The Dim-Post

September 29, 2015

Notes on A Place of Greater Safety

Filed under: books — danylmc @ 6:31 pm
  • Hilary Mantel’s novel about the French Revolution. It was published in 1992 and is the template for her books about Thomas Cromwell: character and research-based novelisation of pivotal yet complex historic events
  • I think it’s better than Wolf Hall. Actually, I think it is one of the best books I’ve ever read. Oddly I didn’t think this when I first read it which was about ten years ago. It’s a long, dense book: maybe I needed to read it twice? But, also, the reviews were quite cool when it was first published. Perhaps it was before its time and the success of the Cromwell books has retrospectively canonised it, somehow?
  • Or, because the technique is modern but the literary approach is 19th century? The book isn’t about a cryptic fragmented post-modern hypothesis, as was rather fashionable in the 90s; instead it’s about what it is about: the experience of being one of the central conspirators in the French Revolution and the Reign of Terror.
  • Mantel doesn’t have a grand theory of history she’s trying to sell. In the book Robspierre anticipates Marx and argues to his friend Camille Desmoulins that the revolution would have happened without them, and their co-conspirator Danton. Economic and class forces do play a role. But so do whims, geopolitics, friendships, rivalries, romances and random chance. Individuals rise to power and are poised to take the revolution in one direction, but then they’re struck down by their enemies, or ill health, and someone else takes over and history veers off in another direction entirely. History, according to Mantel, is chaos.
  • I don’t know that much about the French Revolution. There isn’t a good English language history of it (so far as I know). I was struck by how many of the incidental characters are still famous ~225 years later. Louis 16th and Marie Antoinette, of course. Laclos, the author of Dangerous Liasons, is a calculating royalist agent. John-Paul Marat appears periodically to present sound logical reasons for the Revolution to murder all its enemies. The painter David apotheosises him after he is killed in his bath. Citizen de Sade (formerly a Marquis) makes an appearance. A heroic young artillery officer called Buonaparte is mentioned towards the end. Heady times.
  • It is one of the best books about politics. Mantel is very interested in the figures behind the development of the modern nation state and the immense power – for good and evil – of bureaucratic government. She is an expert on conspiracies, the power of journalism, demagoguery and transactional politics.
  • The title is a (a) a reference to the murderous ‘Committee for Public Safety’ which is my favourite sinister euphemism for a dictatorship ever, and (b) an ironic comment by Camille Desmoulins: the brutal reality of revolutionary and post-revolutionary politics forces the central characters to accept that to ensure their own personal safety they have to murder their enemies. And since almost everyone else with any power is a potential enemy, to keep themselves safe they’re forced into an endless cycle of paranoia, denunciations and liquidations. Trying to reach ‘a place of greater safety’ dooms them all.
  • Happy days

19 Comments »

  1. Try Jonathan Israel’s “Revolutionary Ideas” or Keith Baker’s “Inventing the French Revolution”. De Tocqueville’s “The Ancien Regime and the Revolution” is also available in a very good English translation. Stay away from Burke’s “Reflections on the Revolution in France” because it’s not really about France, despite the title.
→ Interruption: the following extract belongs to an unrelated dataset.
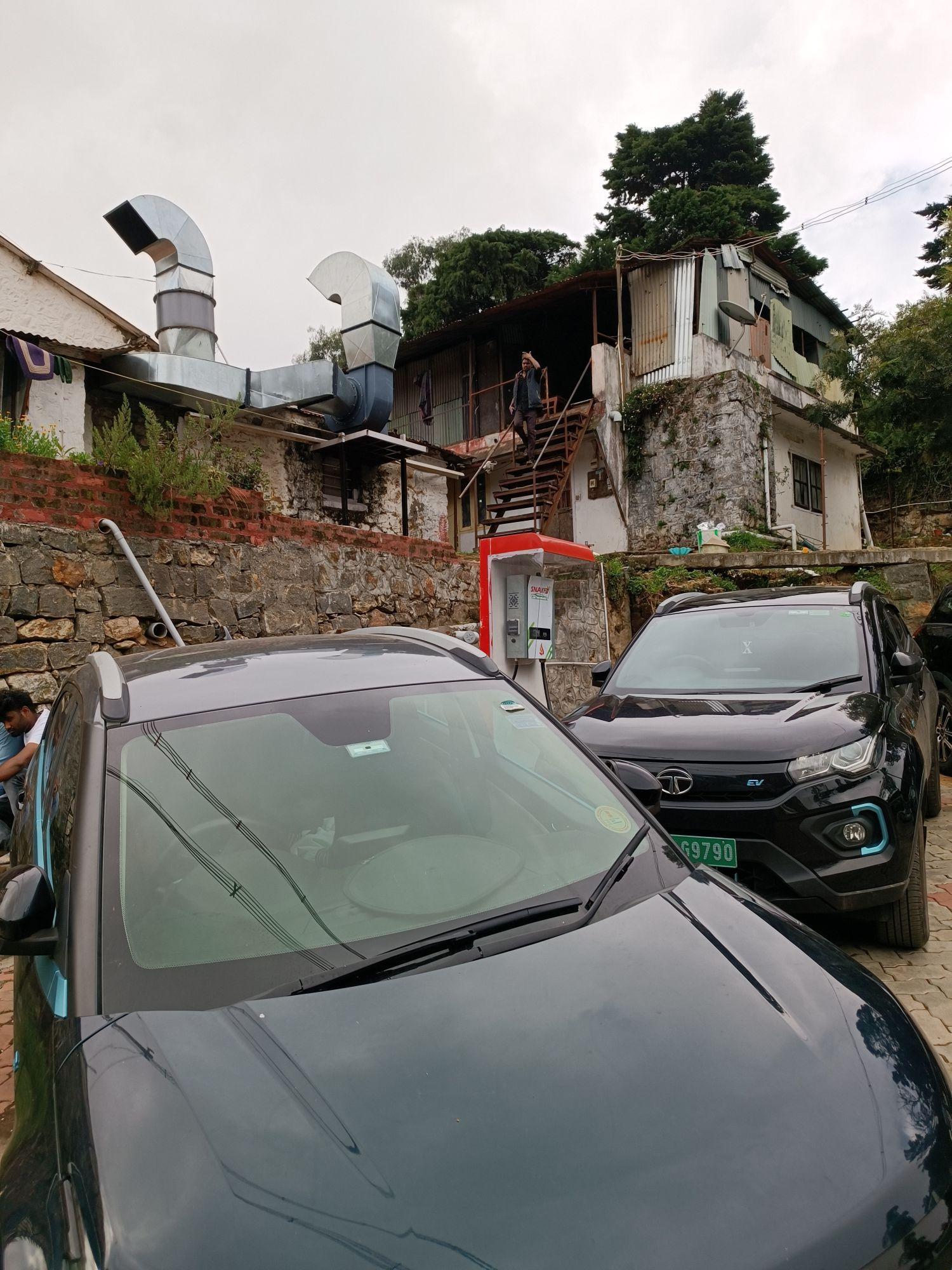 Truly Herbivore Parking Snak4EV (30 kW) Kodaikanal, TN EV Station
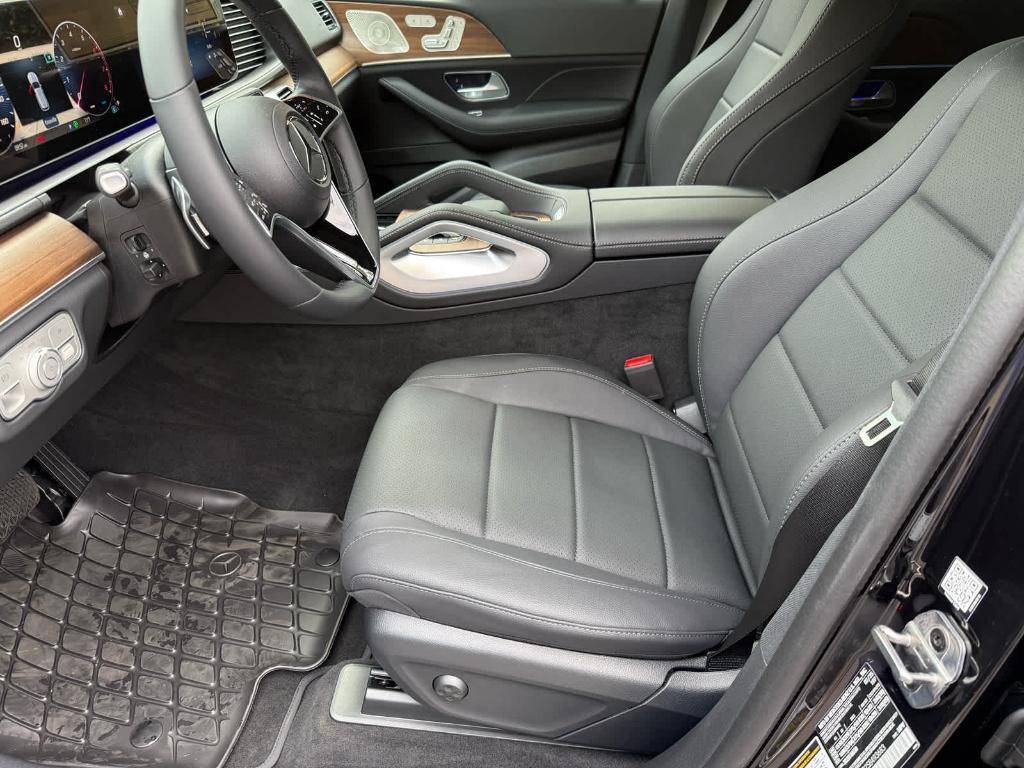 new 2025 Mercedes-Benz GLE 450 car, priced at $80,145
    Comment by kalvarnsen — September 29, 2015 @ 6:44 pm

  2. re: an english-language history of the Revolution, you can do worse than Shama’s Citizens. It’s a bit in the Burke-ian tradition of British writing on the subject (i.e. anti that sort of thing). I think this is largely because a) the English are culturally conditioned to think they had only one constitutional revolution, in 1688, which didn’t involve all that much fighting and produced a highly stable, Protestant, constitutional monarchy rather than a messy republic,and see the French Revolution as a bit too French. That and b) English popular historians have ready made material in the form of the Tudors and Stuarts which they can continue to write very long books about every few years indefinitely without having to learn a foreign language.

    Comment by Bertie — September 29, 2015 @ 6:50 pm

  3. “Mantel doesn’t have a grand theory of history she’s trying to sell. In the book Robspierre anticipates Marx and argues to his friend Camille Desmoulins that the revolution would have happened without them, and their co-conspirator Danton. Economic and class forces do play a role. But so do whims, geopolitics, friendships, rivalries, romances and random chance. Individuals rise to power and are poised to take the revolution in one direction, but then they’re struck down by their enemies, or ill health, and someone else takes over and history veers off in another direction entirely. History, according to Mantel, is chaos.”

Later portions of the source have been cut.